◆ ASSIGNMENT:
In your copy of the data, keep every word exact and include no pictures.

◆ SOURCE DATA:
Segment Open

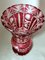 Biedermeier Style Bohemia Cut and Ground Red Crystal Vase, 1950 13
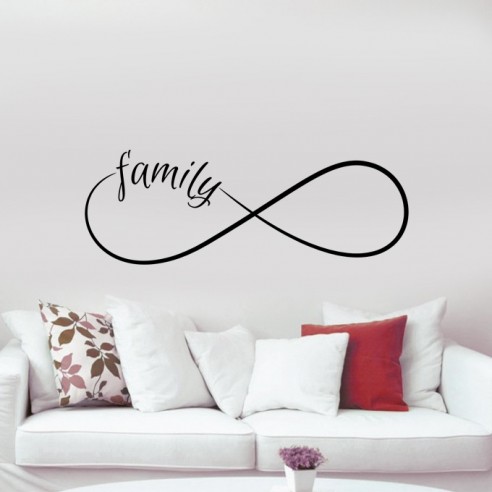 Sticker famille signe infini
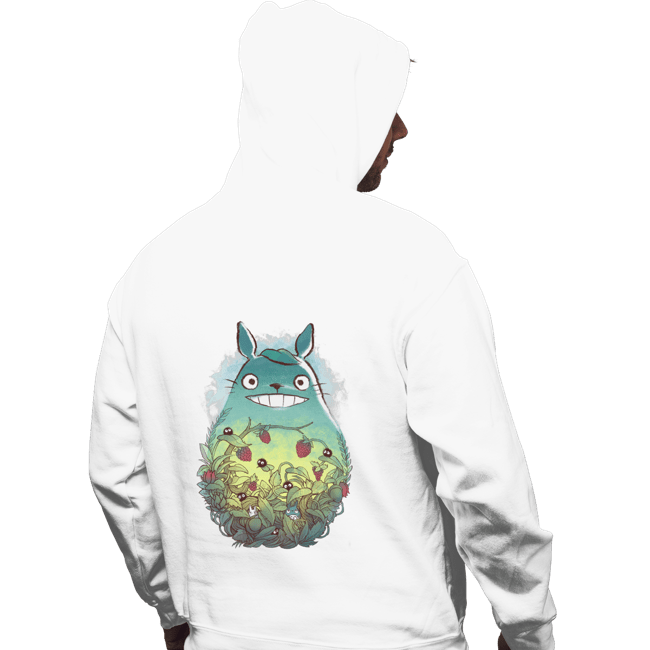 Shirts Pullover Hoodies, Unisex / Small / White Inside Forest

Segment Closed

◆ ANSWER AREA:
 Biedermeier Style Bohemia Cut and Ground Red Crystal Vase, 1950 13
 Sticker famille signe infini
 Shirts Pullover Hoodies, Unisex / Small / White Inside Forest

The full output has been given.